Dona Dita do Seu Roque só descobriu toda história quando foi no Sá Lobo e contou para a prima Frauzina que a Das Dores estava vivendo nas ruas de Campinas. Frauzina contou o acontecido, conforme falava o povo.

Ao ver que Maria Macaca saía pegando resto de alimentos nas latas de lixo, logo algumas famílias deixavam litros com comida em cima dos muros e aos poucos ela foi sabendo onde encontrar o que comer. Começo da tarde e da noite a Maria Macaca saía para pegar os litros com a comida.

Era difícil, mas pelo menos uma vez por mês, Dona Dita mandava o Elcinho, o Edson e o Tomé pegar a Maria a força e levar para tomar banho. Ela mesma dava o banho. Um latão de água norna, bucha vegetal, sabão de bola e o litro despejando água enquanto a Maria esganiçava. Os três rapazes, mesmo fortes, tinham trabalho para segurar.

As vizinhas sempre deixavam com Dona Dita, vestidos velhos, para a troca no dia do banho. O que era tirado, tinha de ser queimado – fedia demais.

Os litros de comidas deixados nos muros trouxeram Maria Macaca para a casa de palha do Arroz, da máquina do Seu Zé Japonês. Ele não aproximava e nem deixava os moleques importunarem.

Quando os carroções iam recolher a palha, ela saía de fininho e só voltava à noite. Nos últimos tempos o Japonês ouvia gemidos e choro da Maria. Contou para Dona Dita. Ela marcou com os três rapazes para buscar a Maria e levar para o Adalto Botelho, onde os doidos viviam trancados, mas recebiam assistência médica.

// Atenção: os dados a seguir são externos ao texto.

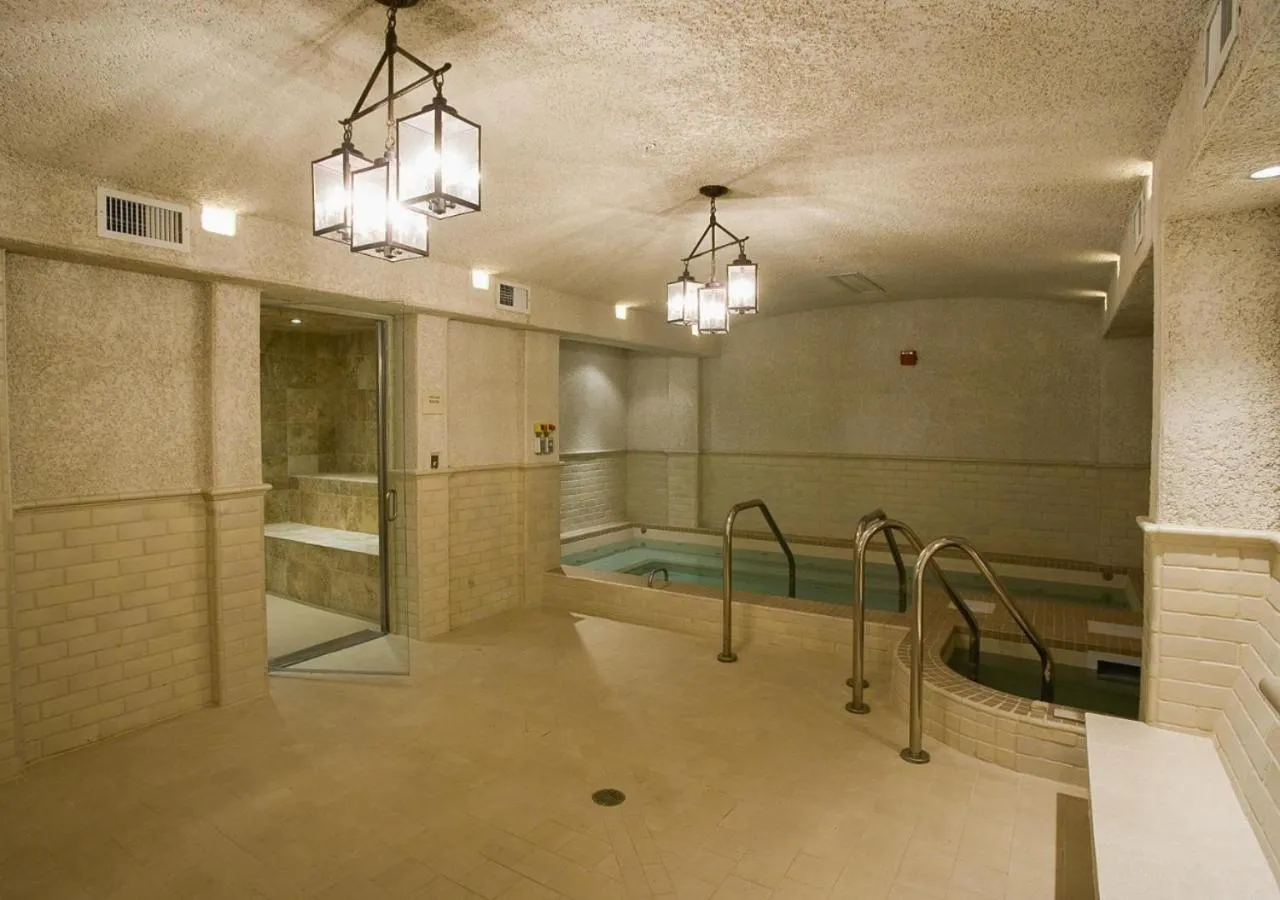 Steam room in Griffin Hotel, an official Colonial Williamsburg Hotel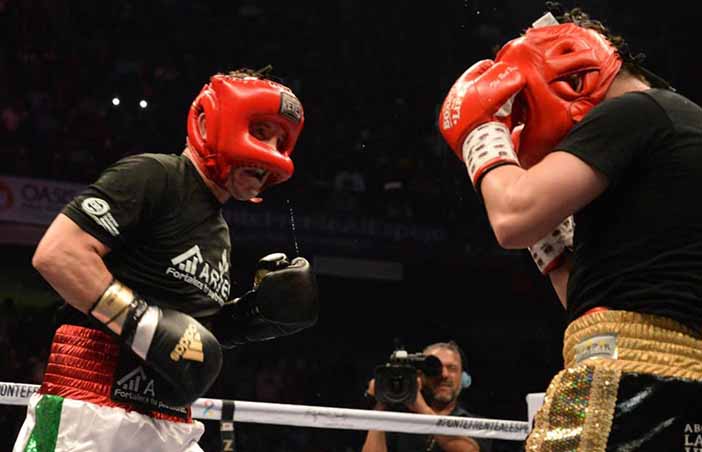 Chavez vs Travieso (Promociones Zanfer)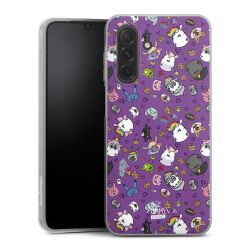 Silikon Premium Case mattweiss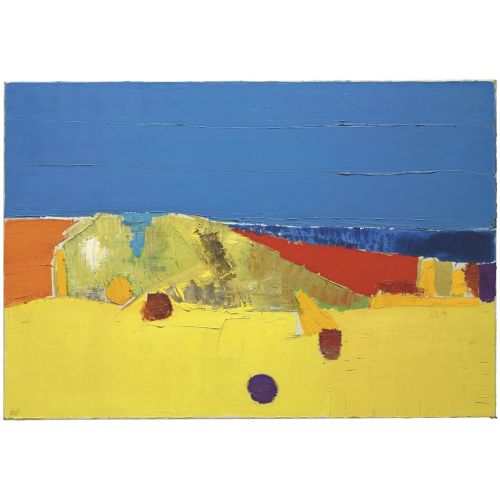 Nicolas De Stael, Agrigente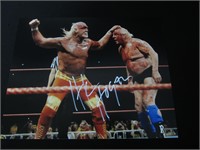 AUTHENTIC HULK HOGAN SIGNED 8X10 PHOTO GAA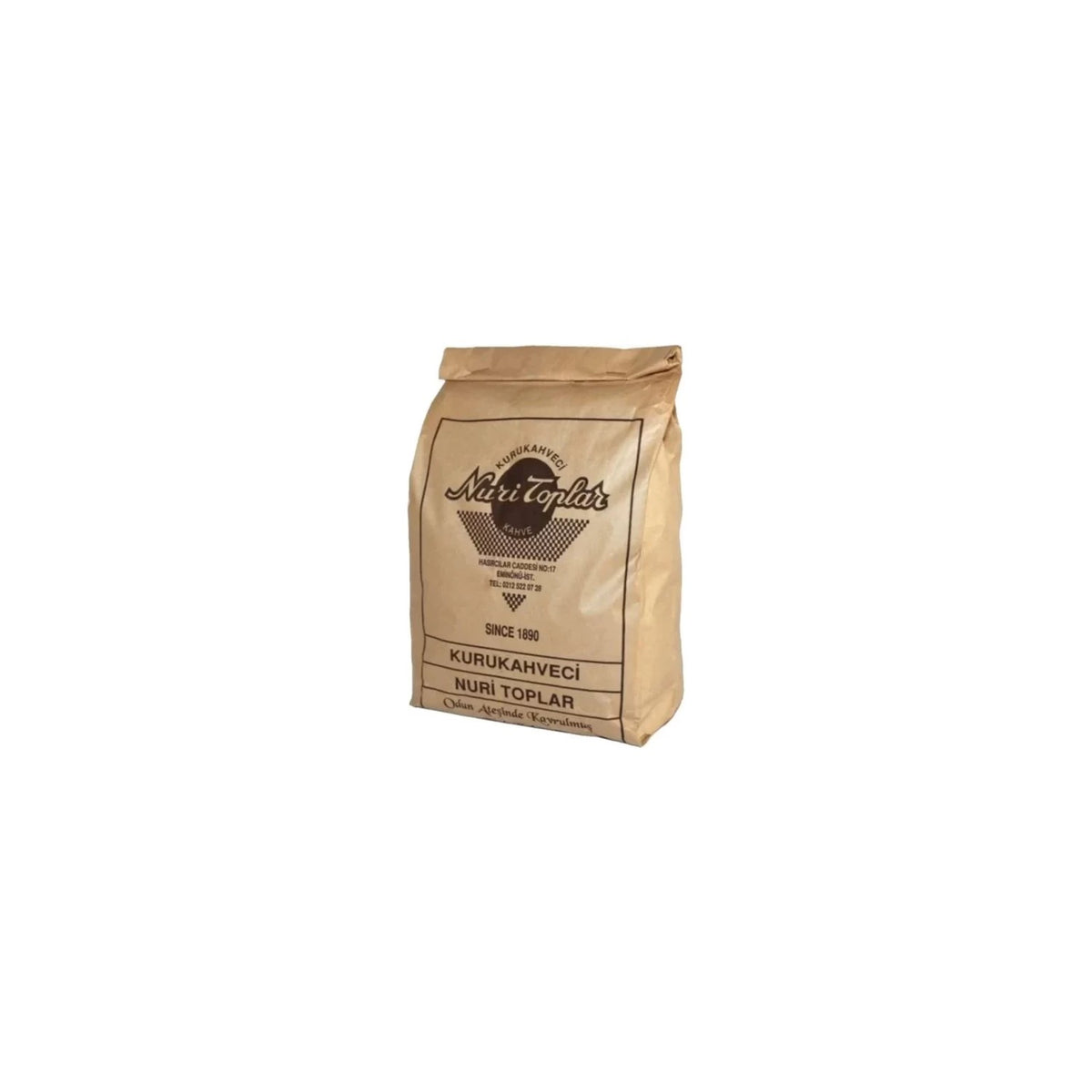 Nuri Toplar Turkish Coffee 1kg - MALLTURK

Dona Dita acha que a Macaca desconfiou. Sumiu da máquina do Japonês e foi descoberta morta lá no cômodo do velho moinho, por um pescador que tinha uma ceva de piau ali do lado. Uma Kombi de vidros pintados que não deixava ver lá dentro recolheu o corpo. Falam que ela foi levada para a escola de medicina da UFG, que estava começando o funcionamento naquela época.